# Analysis of the 5min pv data Part 3

This notebook explores how pv power generation changes throughout the day.

The following questions will be answered
- 1: How does generated power change over the day?
- 2: How does generated power change over the day and how does this vary season?
- 3: How does generated power change over the day and how does this vary season by a specific year
- 4: How does generated power change over the day by months

In [None]:
!pip install vaex
!pip install --upgrade vaex
!pip install dash
!pip install rtree 
!pip install pygeos

In [2]:
# Have to restart runtime for this to work
import vaex as vx
import pandas as pd
import numpy as np

import matplotlib.pyplot as plt
import plotly.express as px
import seaborn as sns

from datetime import datetime

# Pre-processing Data

### The Data

The Following datasets were used

- **5min parquet**: Time series data of PV solar generation data. Available: https://huggingface.co/datasets/openclimatefix/uk_pv/tree/main. For information about the data read more here https://huggingface.co/datasets/openclimatefix/uk_pv
- **metadata**: Metadata of the different PV systems. Available: https://huggingface.co/datasets/openclimatefix/uk_pv/tree/main. Read more here https://huggingface.co/datasets/openclimatefix/uk_pv



In [3]:
# Load Datasets
min5= vx.open('/content/5min.parquet')   # 5 min data
metadata_vaex= vx.open('metadata.csv') # Metadata vaex

In [4]:
# Decomposing date
min5['day'],min5['month'],min5['year'] = min5.timestamp.dt.day, min5.timestamp.dt.month,min5.timestamp.dt.year,
min5['hour'],min5['minute'],min5['second'] = min5.timestamp.dt.hour,  min5.timestamp.dt.minute, min5.timestamp.dt.second
# Converting datetime to string for easyer processing 
min5['date'] = min5.year.astype(str)+ '-'+ min5.month.astype(str) + '-' + min5.day.astype(str)
min5['time'] = min5.hour.astype(str)+ ':'+ min5.minute.astype(str) 
min5['year_month_day'] = min5.year.astype(str) + '-' + min5.month.astype(str) + '-' + min5.day.astype(str)
min5['year'] = min5.year.astype(str)

# Functions

1. A function to convert time to datetime object, this will need to be done several times after the dataframes are converted from vaex to pandas. A function allows for this step to be completed efficiently

In [5]:
def time_to_datetime(data):
  'Convertime time to datetime object after data has been converted to pd dataframe'
  timestamp = [datetime.strptime(x, '%H:%M').time() for x in data.time]
  return timestamp

# 1) Time vs. Power Generated 

A plot of the average power generated throughout the day. Power generated is averaged across all years in the dataframe.

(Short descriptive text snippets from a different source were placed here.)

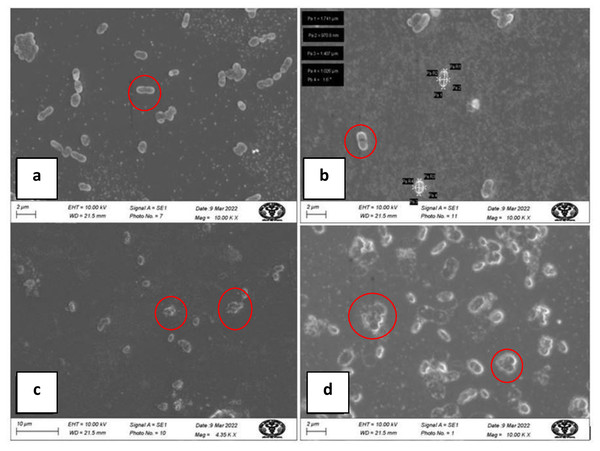 SEM micrograph of A baumannii before and after treatment with AgNPs; (A, B) clear, smooth cells before treatment (inside red circle); (C, D) damaged, ruptured cells after treatment (inside red circle).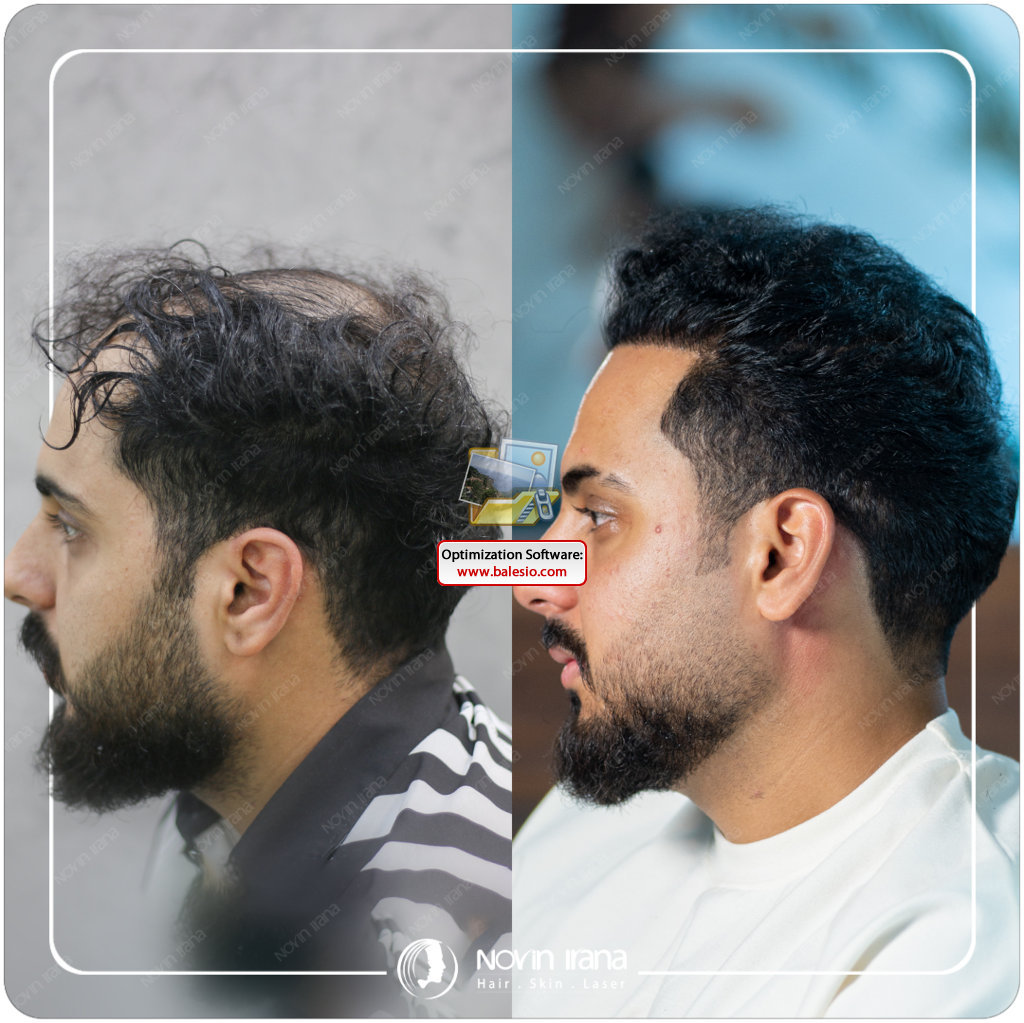 Hair Transplant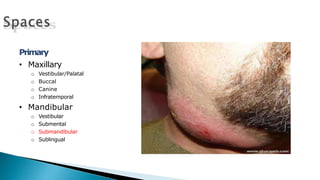 Primary
• Maxillary
o Vestibular/Palatal
o Buccal
o Canine
o Infratemporal
• Mandibular
o Vestibular
o Submental
o Submandibular
o Sublingual
 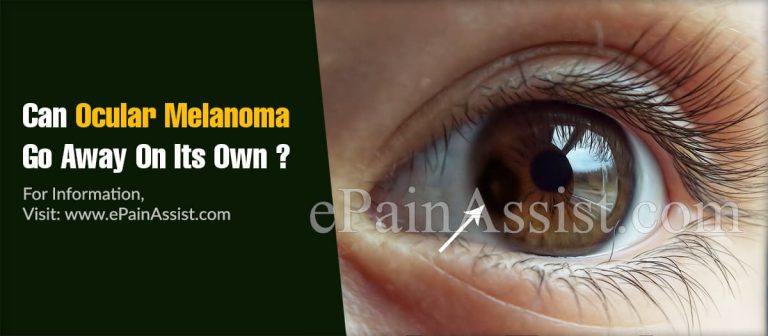 What Leads To Ocular Melanoma & Can It Be Cured?
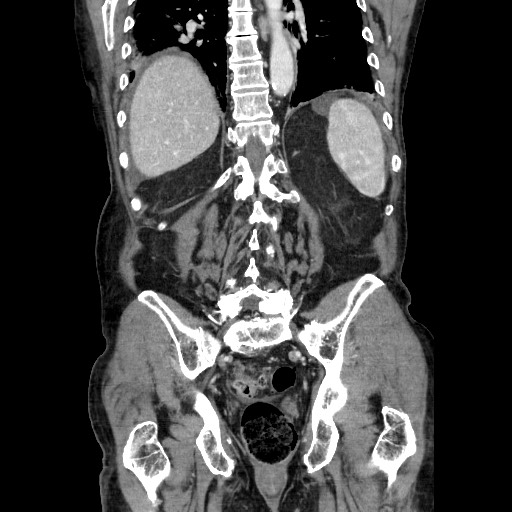 File:Closed loop small bowel obstruction - adhesive disease and hemorrhagic ischemia (Radiopaedia 86831-102990 B 96).jpg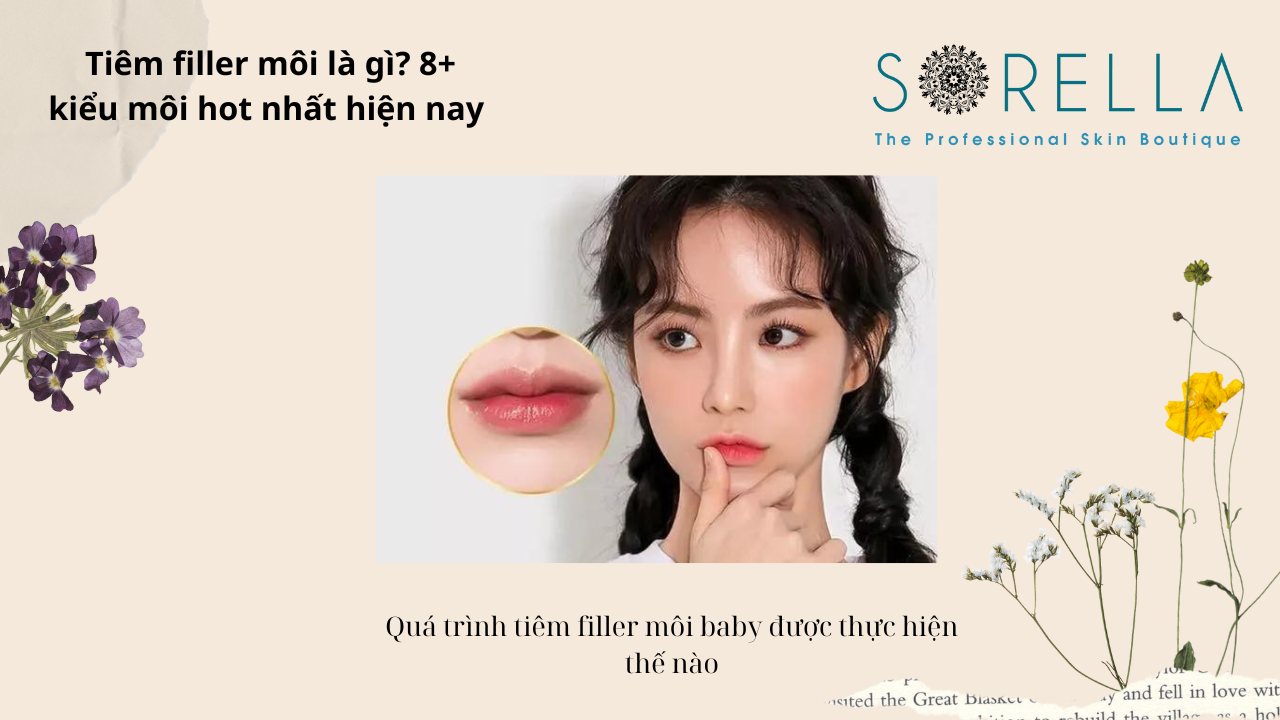 Có nên tiêm filler môi không? 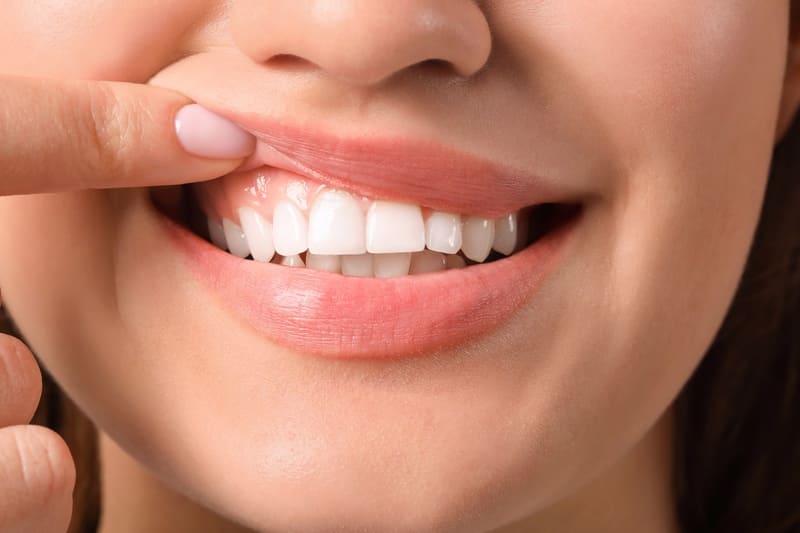 Junge Frau zeigt Ihr gesundes Zahnfleisch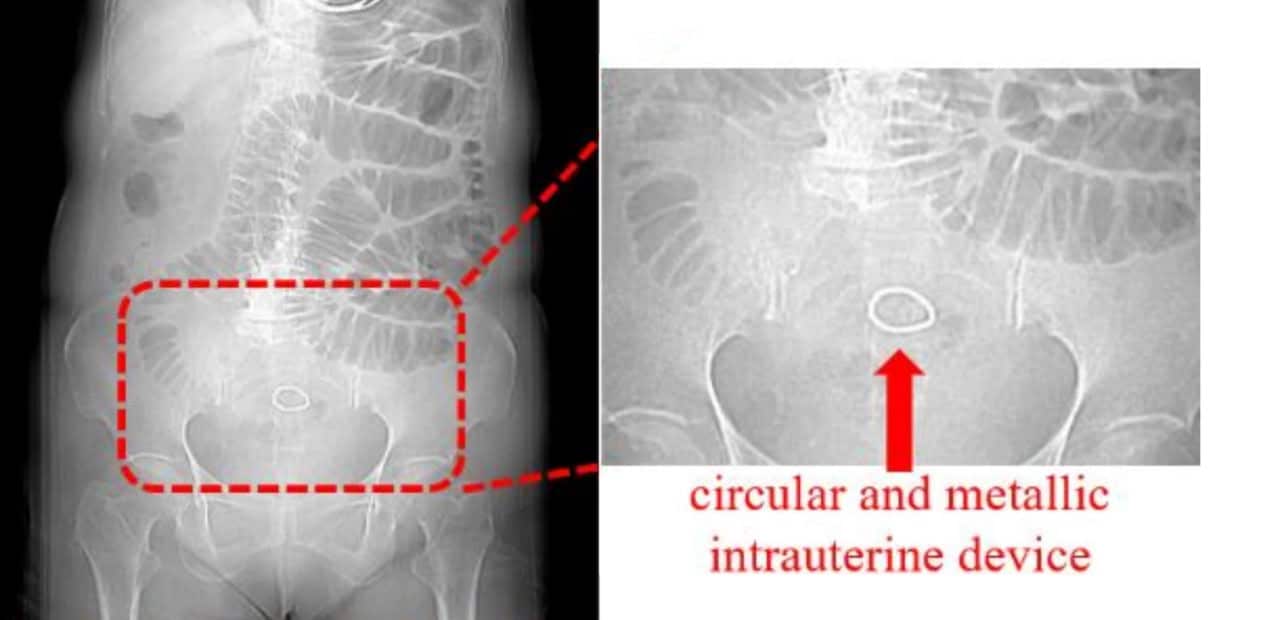 «Забытый» внутриматочный контрацептив едва не убил женщину через полвека после установки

Average power generated increases begining at 5:00, peaks at 12:00 noon, and decreases until 20:00.


In [6]:
# -- Grouping Data
time_power_year = min5.groupby(['time']).agg({'generation_wh': 'mean'}).to_pandas_df() 
# --- Convertime time to datetime object
time_power_year['timestamp'] = time_to_datetime(time_power_year)
# --- Sorting timestamp to graph in the correct sequence
time_power_year = time_power_year.sort_values(['timestamp'], ascending=[True])

In [19]:
# Defining figure
fig = px.line(time_power_year, x="timestamp", y="generation_wh", 
              title="Average Power Generated by Time (2018-2021)",
              width=1100,height=600)

# Style
fig.update_layout(autosize=False, showlegend=False)
fig.update_layout({'xaxis': {'tickangle': 45, 'nticks': 24}})

fig.show()

# 2) Time vs. Power Generated by Season

A plot of the average power generated throughout the day across seasons. Power generated is averaged across all years in the dataframe.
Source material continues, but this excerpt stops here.